(Washington) Le produit intérieur brut (PIB) des États-Unis a enregistré une croissance de 5,7 % en 2021, sa plus forte hausse depuis 1984, un fort rebond après la contraction historique enregistrée en 2020 provoquée par la pandémie, selon une estimation préliminaire du département du Commerce publiée jeudi.

Mis à jour le 27 janvier
Agence France-Presse

Les dépenses de consommation des ménages, qui représentent près des trois quarts de l’économie américaine, ont bondi de 7,9 %. Elles avaient chuté de 3,9 % en 2020.

En 2020, la crise de la COVID-19 avait provoqué une contraction de 3,5 % du PIB des États-Unis, la plus forte baisse depuis 1946.  
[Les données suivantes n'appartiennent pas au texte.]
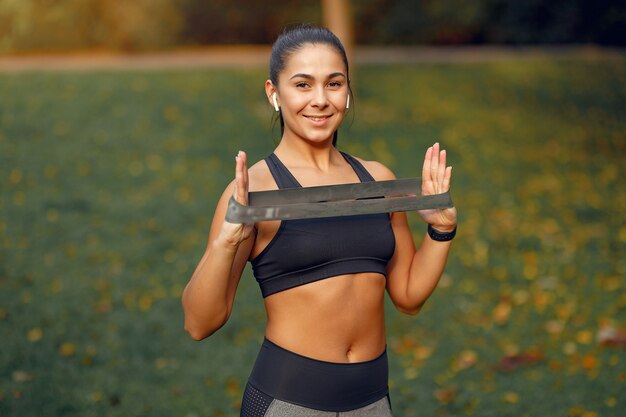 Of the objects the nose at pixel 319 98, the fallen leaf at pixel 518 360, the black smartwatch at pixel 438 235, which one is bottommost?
the fallen leaf at pixel 518 360

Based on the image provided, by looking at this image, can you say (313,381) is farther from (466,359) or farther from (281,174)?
(466,359)

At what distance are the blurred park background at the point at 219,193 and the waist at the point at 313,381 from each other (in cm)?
76

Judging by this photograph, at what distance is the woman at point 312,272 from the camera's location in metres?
2.48

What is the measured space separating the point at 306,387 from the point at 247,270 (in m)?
5.78

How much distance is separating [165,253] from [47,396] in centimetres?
328

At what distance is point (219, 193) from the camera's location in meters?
10.7

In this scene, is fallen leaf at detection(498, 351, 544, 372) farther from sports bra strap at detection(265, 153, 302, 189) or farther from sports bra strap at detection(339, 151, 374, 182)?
sports bra strap at detection(265, 153, 302, 189)

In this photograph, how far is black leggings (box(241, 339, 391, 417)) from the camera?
2518 millimetres

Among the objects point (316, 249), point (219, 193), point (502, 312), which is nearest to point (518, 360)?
point (502, 312)

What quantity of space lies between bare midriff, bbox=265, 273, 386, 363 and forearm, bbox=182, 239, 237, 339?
0.17 metres

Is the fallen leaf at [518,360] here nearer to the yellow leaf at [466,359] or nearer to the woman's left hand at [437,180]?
the yellow leaf at [466,359]

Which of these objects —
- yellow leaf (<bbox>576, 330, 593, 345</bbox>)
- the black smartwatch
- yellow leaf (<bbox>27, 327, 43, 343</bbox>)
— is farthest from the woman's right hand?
yellow leaf (<bbox>576, 330, 593, 345</bbox>)

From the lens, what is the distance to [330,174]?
266cm

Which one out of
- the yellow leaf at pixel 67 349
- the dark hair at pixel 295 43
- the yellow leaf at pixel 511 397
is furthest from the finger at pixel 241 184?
the yellow leaf at pixel 67 349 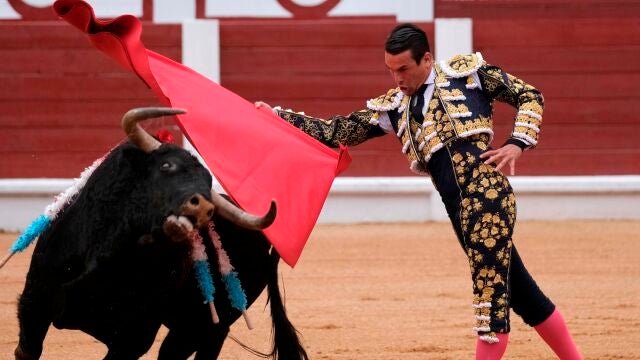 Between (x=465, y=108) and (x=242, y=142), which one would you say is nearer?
(x=465, y=108)

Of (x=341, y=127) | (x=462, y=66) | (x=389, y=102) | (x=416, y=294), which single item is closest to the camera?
(x=462, y=66)

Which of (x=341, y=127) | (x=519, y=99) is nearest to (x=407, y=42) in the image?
(x=519, y=99)

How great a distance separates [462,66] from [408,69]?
15cm

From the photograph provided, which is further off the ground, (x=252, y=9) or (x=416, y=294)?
(x=252, y=9)

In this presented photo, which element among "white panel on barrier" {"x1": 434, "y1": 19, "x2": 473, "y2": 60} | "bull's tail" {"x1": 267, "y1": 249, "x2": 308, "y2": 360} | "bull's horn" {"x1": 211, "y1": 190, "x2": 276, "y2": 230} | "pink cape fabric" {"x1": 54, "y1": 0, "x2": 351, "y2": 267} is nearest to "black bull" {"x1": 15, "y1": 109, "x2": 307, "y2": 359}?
"bull's horn" {"x1": 211, "y1": 190, "x2": 276, "y2": 230}

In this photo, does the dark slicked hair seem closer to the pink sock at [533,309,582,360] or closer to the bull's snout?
the bull's snout

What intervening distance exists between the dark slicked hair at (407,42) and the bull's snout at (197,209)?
2.04ft

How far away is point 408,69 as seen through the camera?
3.18m

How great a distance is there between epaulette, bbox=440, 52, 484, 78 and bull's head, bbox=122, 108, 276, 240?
0.60 metres

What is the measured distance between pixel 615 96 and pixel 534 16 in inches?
30.5

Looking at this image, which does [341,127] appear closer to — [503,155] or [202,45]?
[503,155]

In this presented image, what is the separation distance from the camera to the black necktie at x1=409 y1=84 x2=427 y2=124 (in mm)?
3258

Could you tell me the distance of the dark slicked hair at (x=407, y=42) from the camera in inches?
123

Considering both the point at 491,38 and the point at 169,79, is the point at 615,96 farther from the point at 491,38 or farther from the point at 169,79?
the point at 169,79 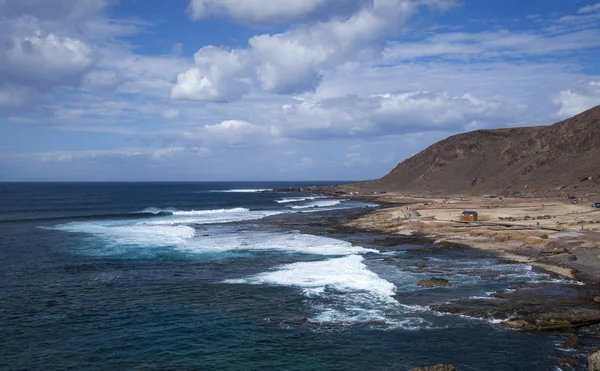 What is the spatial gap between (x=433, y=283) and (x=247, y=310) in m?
11.0

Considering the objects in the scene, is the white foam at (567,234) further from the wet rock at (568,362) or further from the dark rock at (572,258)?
the wet rock at (568,362)

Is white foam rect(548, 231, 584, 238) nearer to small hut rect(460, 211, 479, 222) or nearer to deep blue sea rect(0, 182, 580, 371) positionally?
deep blue sea rect(0, 182, 580, 371)

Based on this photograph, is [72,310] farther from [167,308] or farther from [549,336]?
[549,336]

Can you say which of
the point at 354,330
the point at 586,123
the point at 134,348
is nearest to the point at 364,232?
the point at 354,330

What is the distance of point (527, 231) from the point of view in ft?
138

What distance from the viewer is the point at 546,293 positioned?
24578 millimetres

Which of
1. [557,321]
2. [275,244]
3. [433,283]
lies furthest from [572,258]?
[275,244]

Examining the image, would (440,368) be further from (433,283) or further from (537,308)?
(433,283)

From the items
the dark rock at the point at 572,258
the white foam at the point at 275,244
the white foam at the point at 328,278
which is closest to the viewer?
the white foam at the point at 328,278

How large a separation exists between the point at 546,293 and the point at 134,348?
20.0 metres

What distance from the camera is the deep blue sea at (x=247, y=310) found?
17828 mm

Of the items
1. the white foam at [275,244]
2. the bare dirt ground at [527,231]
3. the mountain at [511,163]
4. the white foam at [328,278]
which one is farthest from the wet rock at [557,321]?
the mountain at [511,163]

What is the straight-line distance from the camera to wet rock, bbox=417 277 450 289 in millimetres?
27297

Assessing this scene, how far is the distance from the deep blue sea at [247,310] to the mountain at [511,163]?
65734mm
La croissance est plus forte qu’attendu par la banque centrale américaine (Fed) qui anticipait un rebond de 5,5 % en 2021 et par le Fonds monétaire international (FMI) qui attendait 5,6 %.
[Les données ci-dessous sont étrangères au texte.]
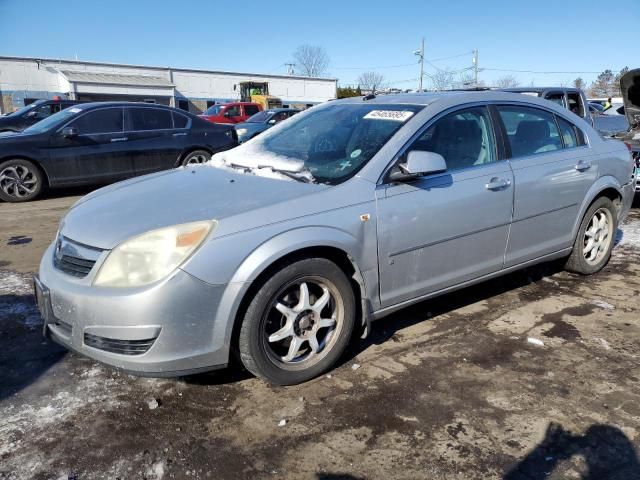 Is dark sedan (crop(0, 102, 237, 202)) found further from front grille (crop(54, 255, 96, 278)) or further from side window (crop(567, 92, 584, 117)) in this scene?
side window (crop(567, 92, 584, 117))

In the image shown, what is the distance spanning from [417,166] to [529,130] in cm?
152

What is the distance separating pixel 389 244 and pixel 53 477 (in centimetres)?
203

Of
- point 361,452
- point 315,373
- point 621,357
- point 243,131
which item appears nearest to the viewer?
point 361,452

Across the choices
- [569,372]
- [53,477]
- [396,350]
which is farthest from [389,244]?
[53,477]

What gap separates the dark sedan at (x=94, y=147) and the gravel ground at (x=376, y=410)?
16.6ft

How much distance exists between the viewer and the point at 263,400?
2787mm

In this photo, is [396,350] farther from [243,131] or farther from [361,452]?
[243,131]

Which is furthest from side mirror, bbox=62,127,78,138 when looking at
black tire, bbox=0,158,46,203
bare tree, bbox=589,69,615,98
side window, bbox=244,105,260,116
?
bare tree, bbox=589,69,615,98

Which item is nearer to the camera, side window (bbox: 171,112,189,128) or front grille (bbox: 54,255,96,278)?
front grille (bbox: 54,255,96,278)

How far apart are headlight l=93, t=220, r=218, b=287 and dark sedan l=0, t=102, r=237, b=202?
259 inches

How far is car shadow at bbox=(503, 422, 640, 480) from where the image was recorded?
2.22 meters

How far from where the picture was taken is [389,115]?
350cm

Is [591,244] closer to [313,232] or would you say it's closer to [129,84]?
[313,232]

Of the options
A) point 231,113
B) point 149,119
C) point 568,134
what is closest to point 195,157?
point 149,119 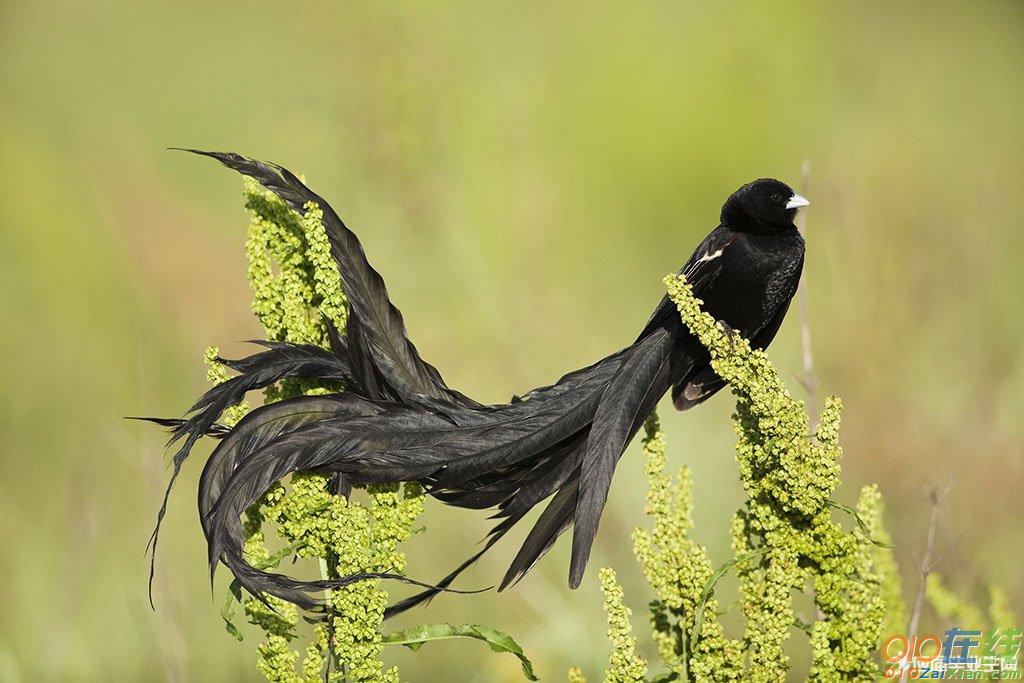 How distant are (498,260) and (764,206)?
3340 mm

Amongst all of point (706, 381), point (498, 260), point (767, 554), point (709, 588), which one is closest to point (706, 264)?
point (706, 381)

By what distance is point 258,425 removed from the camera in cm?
256

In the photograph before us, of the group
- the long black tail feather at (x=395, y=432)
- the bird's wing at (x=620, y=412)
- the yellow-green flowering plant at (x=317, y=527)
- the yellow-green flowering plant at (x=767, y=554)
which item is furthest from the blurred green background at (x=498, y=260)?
the bird's wing at (x=620, y=412)

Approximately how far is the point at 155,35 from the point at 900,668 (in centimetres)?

Sur le seul quatrième trimestre, la croissance s’est accélérée, à 6,9 % en rythme annualisé, bien plus qu’attendu par les analystes, qui la voyaient bondir à 5,6 %.

Le PIB du quatrième trimestre est, par ailleurs, supérieur de 3,1 % à celui du quatrième trimestre 2019, le dernier avant la pandémie de COVID-19.

Les États-Unis privilégient la croissance du PIB en rythme annualisé, c’est-à-dire par rapport au trimestre précédent tout en projetant l’évolution du dernier trimestre connu sur l’année entière. Cela permet de donner une idée de la croissance annuelle si le rythme observé sur ces trois mois se maintenait.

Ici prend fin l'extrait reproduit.